In an 11 September 2013 talk, Secretary of the Navy Ray Mabus stated:
"Last night the President laid out the reasons we should take action in Syria. Yet it is critical to note that today no one is questioning our ability to take action. Our naval presence in the region provided that ability the day of the regime's chemical weapons attack. It provided it the day before the attack, and continues to provide it today.”
If sequestration continues for its statutory ten-year duration, until 2022, or even for a relatively small part of that time, our naval presence and thus our ability to deliver immediate and adaptable options will almost certainly be compromised. It is impossible to know what tests await our country over the next decade; the only thing certain is that we can’t predict them all and that it’s vital to preserve the depth and flexibility of our systems for detecting and responding to emerging problems and hot spots.
I’ve never heard any senior military leader say we should not cut the defense budget, all they’re asking is that it be done in a deliberate and targeted way that doesn’t compromise key functions that affect our military’s readiness and our nation’s security.

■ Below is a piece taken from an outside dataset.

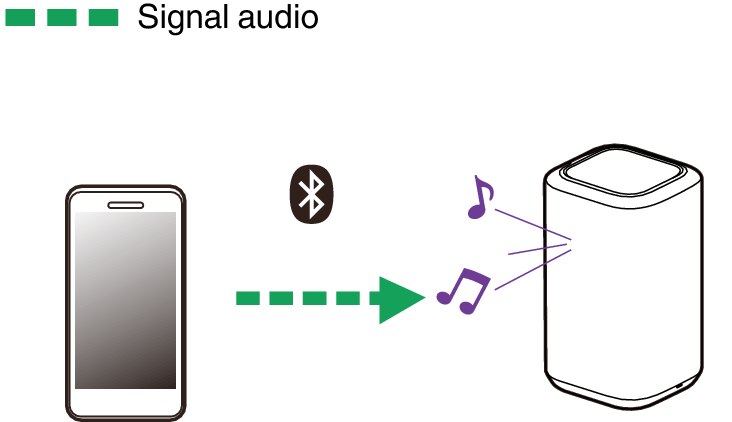 Pict Bluetooth DH150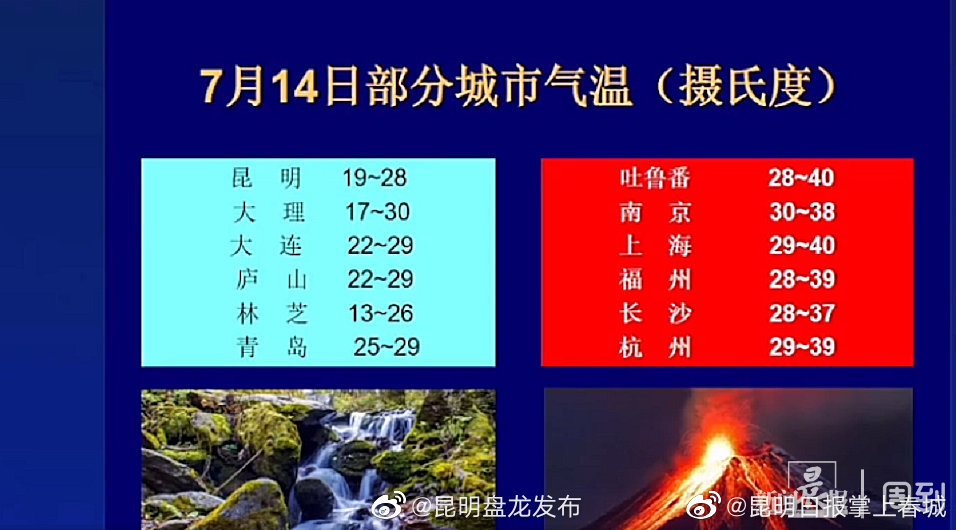 昆明盘龙发布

The problem is that under the sequestration process the military doesn’t have flexibility in deciding what programs and areas to cut.

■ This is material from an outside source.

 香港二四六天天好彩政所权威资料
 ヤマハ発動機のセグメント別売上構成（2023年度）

Generating accurate and timely intelligence warnings is a challenging and complex task even in the best conditions and with optimal funding. Creating actionable intelligence and predicting threats requires sifting through and analyzing huge amounts of data that come through multiple streams including imagery, signals intelligence and human reporting. The staffing and technology required to do this well is never cheap but without it we risk missing the signs of a growing threat and losing the chance to act on possible attacks before it’s too late.
Exact figures are difficult to come by because of classification issues but in a 2007 article in Foreign Affairs, a former senior intelligence official wrote that every 24 hours over one billion pieces of information are collected. During a 2007 unclassified conference on analytic transformation, Dr. Michael Wertheimer, the Chief Technology Officer at the time for the Director of National Intelligence stated:
“Of the data we’re collecting, that is genuinely intel, not fluff – it’s already been filtered and selected – we’re only analyzing about one ten-millionth of the data we’re collected today; one ten-millionth.”
Politicians, decision makers and the American people still need a better understanding of what intelligence can and cannot do for protecting our nation and targeting our enemies, and how those capabilities are impacted by the ongoing sequestration. As the debate over the Syrian chemical weapons show, intelligence analysis will seldom give you a case that can stand up in a court of law. Nor, as Benghazi demonstrated, can intelligence always predict exactly where our enemies will strike or for what reason.
In spite of these limitations, the ability of the intelligence community to look through massive amounts of data and fill in the pieces of an ever-changing puzzle is remarkable and critical to protecting our safety and national interests. Allowing sequestration to apply a falling axe to defense cuts where a carefully wielded scalpel is needed, will make a difficult job even harder and could endanger us all.